-------- Material provided

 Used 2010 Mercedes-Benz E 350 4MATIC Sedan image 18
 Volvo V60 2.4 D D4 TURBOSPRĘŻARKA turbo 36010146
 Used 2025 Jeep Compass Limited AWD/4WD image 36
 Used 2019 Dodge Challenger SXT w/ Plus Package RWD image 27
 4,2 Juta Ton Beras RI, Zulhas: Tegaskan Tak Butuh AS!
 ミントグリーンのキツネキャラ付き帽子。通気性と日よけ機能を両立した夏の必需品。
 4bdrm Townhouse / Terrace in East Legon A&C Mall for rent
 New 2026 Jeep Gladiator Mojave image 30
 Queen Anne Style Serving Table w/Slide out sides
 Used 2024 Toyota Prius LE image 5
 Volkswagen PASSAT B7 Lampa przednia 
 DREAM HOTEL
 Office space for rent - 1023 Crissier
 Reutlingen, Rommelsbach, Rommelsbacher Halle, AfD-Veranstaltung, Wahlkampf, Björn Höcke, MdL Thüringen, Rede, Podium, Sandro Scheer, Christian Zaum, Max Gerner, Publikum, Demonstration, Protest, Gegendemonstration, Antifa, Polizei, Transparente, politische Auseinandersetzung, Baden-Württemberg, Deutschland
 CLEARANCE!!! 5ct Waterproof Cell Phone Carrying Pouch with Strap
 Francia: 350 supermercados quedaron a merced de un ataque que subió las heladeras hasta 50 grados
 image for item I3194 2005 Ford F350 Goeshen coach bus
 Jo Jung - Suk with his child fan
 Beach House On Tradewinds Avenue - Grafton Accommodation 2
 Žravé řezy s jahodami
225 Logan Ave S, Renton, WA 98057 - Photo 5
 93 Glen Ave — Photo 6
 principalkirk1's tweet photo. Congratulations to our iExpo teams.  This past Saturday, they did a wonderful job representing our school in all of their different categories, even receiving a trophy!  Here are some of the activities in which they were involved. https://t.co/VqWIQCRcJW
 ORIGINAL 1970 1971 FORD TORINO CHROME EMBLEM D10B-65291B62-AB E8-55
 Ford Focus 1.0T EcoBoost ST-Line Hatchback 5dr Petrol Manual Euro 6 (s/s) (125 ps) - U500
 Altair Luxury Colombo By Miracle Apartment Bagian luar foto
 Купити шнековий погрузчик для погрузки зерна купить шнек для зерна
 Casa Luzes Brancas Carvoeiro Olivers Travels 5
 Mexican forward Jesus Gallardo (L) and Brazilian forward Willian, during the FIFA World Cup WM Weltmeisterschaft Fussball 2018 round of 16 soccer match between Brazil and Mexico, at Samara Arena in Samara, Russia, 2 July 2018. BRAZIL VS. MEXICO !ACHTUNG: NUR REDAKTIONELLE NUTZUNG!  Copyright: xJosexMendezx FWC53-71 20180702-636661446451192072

----------------

## Your goal:
Which lines in the listing hold the word "Used"? Copy them out.

## Reply to the task:
 Used 2010 Mercedes-Benz E 350 4MATIC Sedan image 18
 Used 2025 Jeep Compass Limited AWD/4WD image 36
 Used 2019 Dodge Challenger SXT w/ Plus Package RWD image 27
 Used 2024 Toyota Prius LE image 5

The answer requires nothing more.